Gandalf doesn’t have many other scenes with the others; he spends much of the movie off on his own, witnessing portentous warnings about a gathering evil, the evil we’ve seen manifested in the Lord of the Rings movies. The dwarves and Bilbo, meanwhile, are cocooned by giant spiders, captured by elves, and, eventually, menaced by the dragon Smaug, among other perils. They meet some of Tolkien’s characters, including the elfin archer Legolas (Orlando Bloom) and Bard of Lake-Town (Luke Evans), and one character created by Jackson and his co-screenwriters, the warrior elf Tauriel (Evangeline Lilly), to provide a more active female presence in an otherwise dude-heavy fantasy universe.

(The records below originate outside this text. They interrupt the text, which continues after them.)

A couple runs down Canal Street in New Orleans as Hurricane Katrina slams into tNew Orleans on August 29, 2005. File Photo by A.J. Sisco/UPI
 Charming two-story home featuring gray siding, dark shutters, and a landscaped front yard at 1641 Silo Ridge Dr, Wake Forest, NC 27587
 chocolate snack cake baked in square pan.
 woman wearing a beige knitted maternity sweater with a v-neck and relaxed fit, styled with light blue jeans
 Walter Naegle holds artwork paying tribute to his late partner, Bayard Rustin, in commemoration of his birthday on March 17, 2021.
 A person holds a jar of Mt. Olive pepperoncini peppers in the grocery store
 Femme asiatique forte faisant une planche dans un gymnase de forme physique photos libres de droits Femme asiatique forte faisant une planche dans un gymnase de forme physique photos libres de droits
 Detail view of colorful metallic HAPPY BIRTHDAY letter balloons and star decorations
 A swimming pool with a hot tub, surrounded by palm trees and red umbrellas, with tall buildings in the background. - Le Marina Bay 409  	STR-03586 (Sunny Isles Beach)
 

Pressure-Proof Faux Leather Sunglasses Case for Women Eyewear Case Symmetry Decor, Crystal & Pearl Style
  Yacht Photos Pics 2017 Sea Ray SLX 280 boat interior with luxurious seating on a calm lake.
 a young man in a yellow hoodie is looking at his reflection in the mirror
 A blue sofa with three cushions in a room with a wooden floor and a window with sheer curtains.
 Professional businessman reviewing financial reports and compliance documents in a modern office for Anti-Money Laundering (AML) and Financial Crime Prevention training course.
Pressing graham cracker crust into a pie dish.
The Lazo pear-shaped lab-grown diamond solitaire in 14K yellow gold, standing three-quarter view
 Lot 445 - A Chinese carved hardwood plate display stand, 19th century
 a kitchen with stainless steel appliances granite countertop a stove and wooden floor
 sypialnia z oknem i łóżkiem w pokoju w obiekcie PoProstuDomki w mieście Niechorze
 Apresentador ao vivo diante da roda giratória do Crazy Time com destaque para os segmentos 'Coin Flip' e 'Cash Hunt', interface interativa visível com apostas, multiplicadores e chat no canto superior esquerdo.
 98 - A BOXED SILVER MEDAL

Tauriel does contribute some ass-kicking, but her status as, essentially, a female Legolas (and her participation in an elf/dwarf love triangle), also adds to Desolation of Smaug‘s overstuffed muchness. Some of that muchness is entertaining: around the midpoint of the film, the dwarves, elves, and orcs intersect for a slapstick battle down a raging river. Dwarves tumble around in barrels, arrows fly in all directions, and elves keep swooping in at the last minute. The scene, reminiscent of a chase from Spielberg’s Adventures of Tintin (which Jackson produced), is not particularly suspenseful, but the choreography of mostly-animated action is dizzying fun.
But momentum that extreme can’t last. And while the film offers welcome quieter moments, some of these also have a bombastic quality. The camera is constantly pulling back, rushing forward, and circling around the characters during conversations, as if every scene must contain multiple reminders of the enormity and excitement that constitutes Jackson’s idea of Middle-Earth. The smallest of tasks—like, say, finding a keyhole and walking through a door—are turned into their own pointless epics.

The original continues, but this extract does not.